A longueur de journée jusqu’à la fermeture officielle des frontières à 18h00 locales (17h00 GMT) après l’ouverture à 6h du matin, le marché de cette ville qui, en plus des productions agricoles dont la banane-plantain, produit phare, provenant de diverses régions du Cameroun, commercialise par ailleurs des boissons achetées bon marché à Ebibeyin, vit un défilé incessant de véhicules aux numéros d’immatriculation gabonais et équato- guinéens.

Dans ce carrefour par excellence d’échanges transfrontaliers en zone CEMAC, les transactions s’effectuent avec le franc CFA utilisé par l’ensemble des six pays de la région qui comprend en outre le Congo, la République centrafricaine (RCA) et le Tchad, pour une population totale estimée à environ 30 millions d’habitants.

Avec Kyé-Ossi, le Cameroun confirme ainsi son statut de première économie de cet ensemble qui traîne la mauvaise réputation de la région africaine qui commerce le moins avec elle- même, avec un taux de commerce intra-régional de moins de 2% du total du commerce extérieur.

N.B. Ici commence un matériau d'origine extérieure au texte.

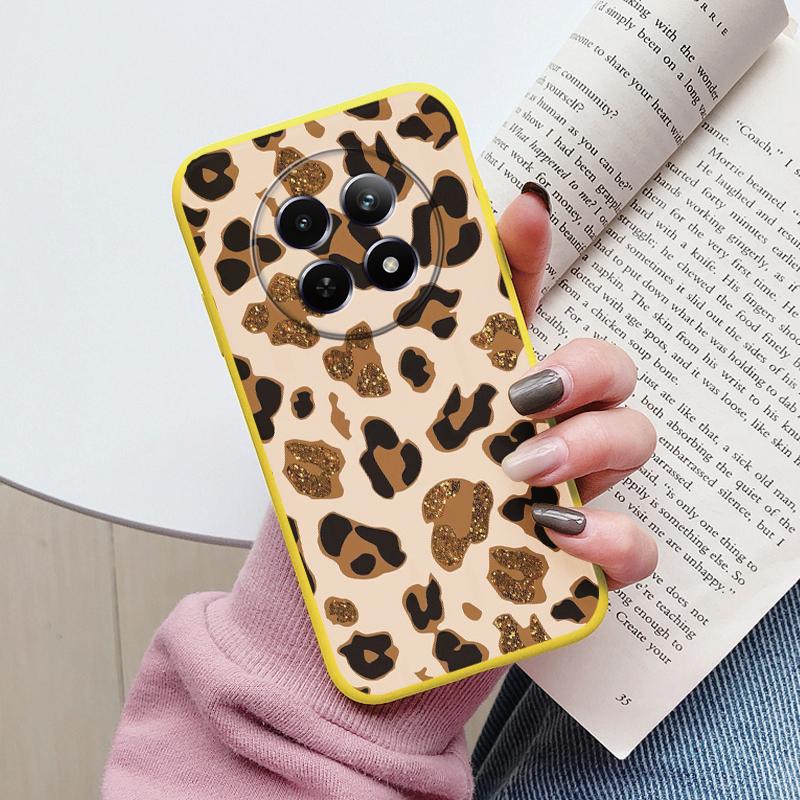 Case For Redmi 14C 4G 14R 5G A4 Note 14 Pro Poco C67 Cute Heart Flower Back Cover Soft Silicone Matte Protective Fundas Cartoon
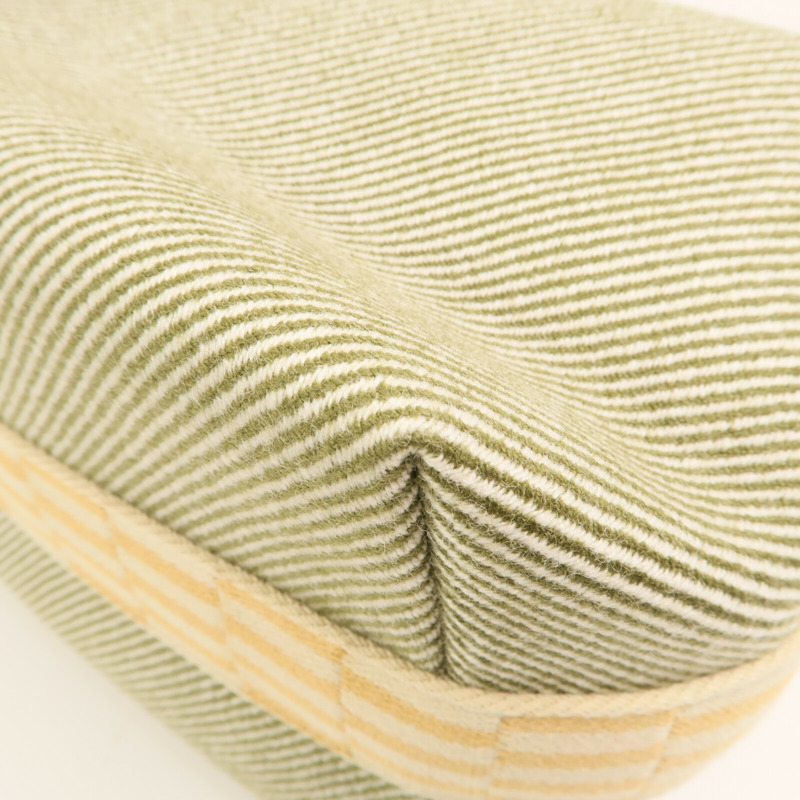 HERMES 帆布Bride-a Brac Cabriole GM銀扣手挽袋-7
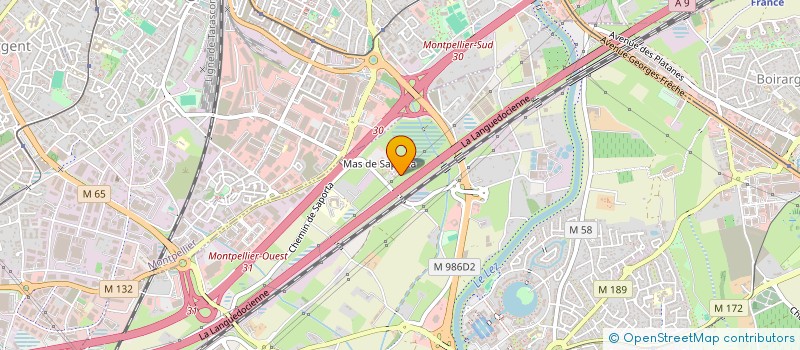 localisation de l'entreprise SCI SAPORTA à LATTES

Une importante masse monétaire circule dans cette localité, de sorte que nombreux établissements de microfinance et de transfert d’argent sont créés pour capter ces fonds. L’existence des restaurants, des bars et des structures d’hébergement où les auberges disputent la vedette permet d’entretenir une ambiance d’animation jusqu’à tard dans la nuit.

Pour Mohamed Abbas, gérant d’un parc de vente de véhicules d’ occasion, Kyé-Ossi est une terre de bénédictions pour les affaires. “La quasi-totalité de notre clientèle vient de la Guinée équatoriale. Quand ça marche bien, on peut vendre entre huit et dix véhicules par mois”, informe le jeune homme pour qui cependant l’ouverture prochaine des frontières portera un coup dur à ce business. “Les Equato-guinéens vont maintenant se ravitailler à Douala. Ils ne vont plus s’intéresser à notre parc”, prédit-il. Ce sentiment d’inquiétude n’est pas partagé par Amélie Ntsame, Camerounaise résidant à Libreville qui s’est spécialisée dans le commerce de la banane-plantain écoulé dans la capitale gabonaise.

“C’est une bonne nouvelle, remarque celle-ci. Certaines personnes n’acceptent pas, mais ceux qui font les activités comme nous, ça nous fait du bien”.